— Data segment —

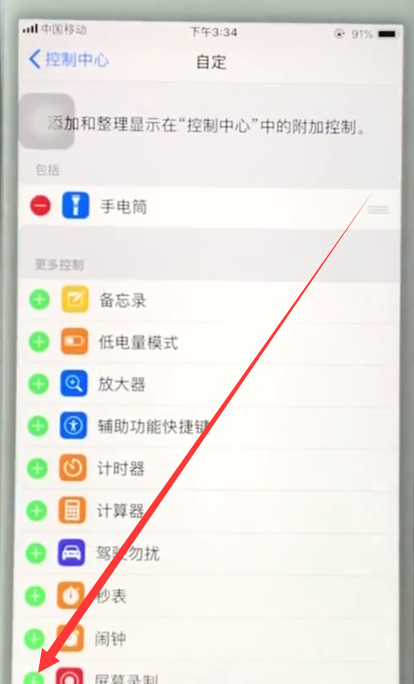 ios11中快速录屏的方法截图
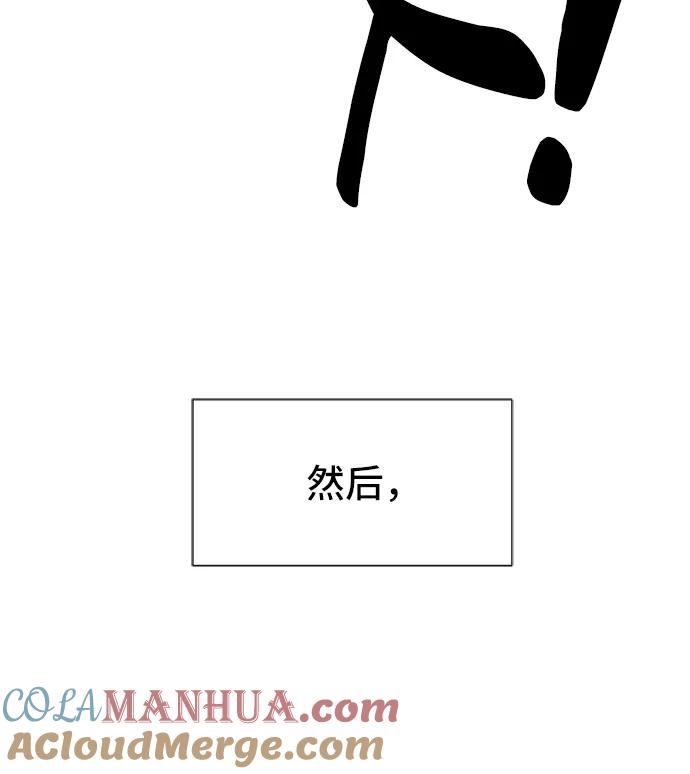史诗级领地设计师 第54话 第37页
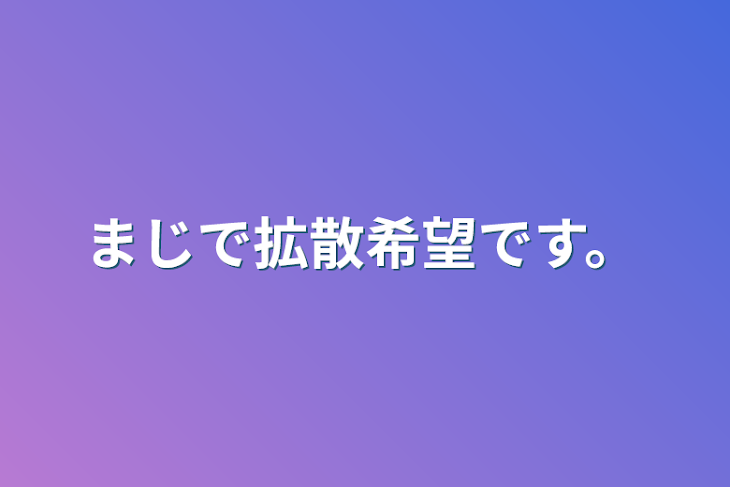 「まじで拡散希望です。」のメインビジュアル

— Assignment —
Recreate the listing above word for word, dropping each picture it contains.

— Output for this task —
 ios11中快速录屏的方法截图
史诗级领地设计师 第54话 第37页
 「まじで拡散希望です。」のメインビジュアル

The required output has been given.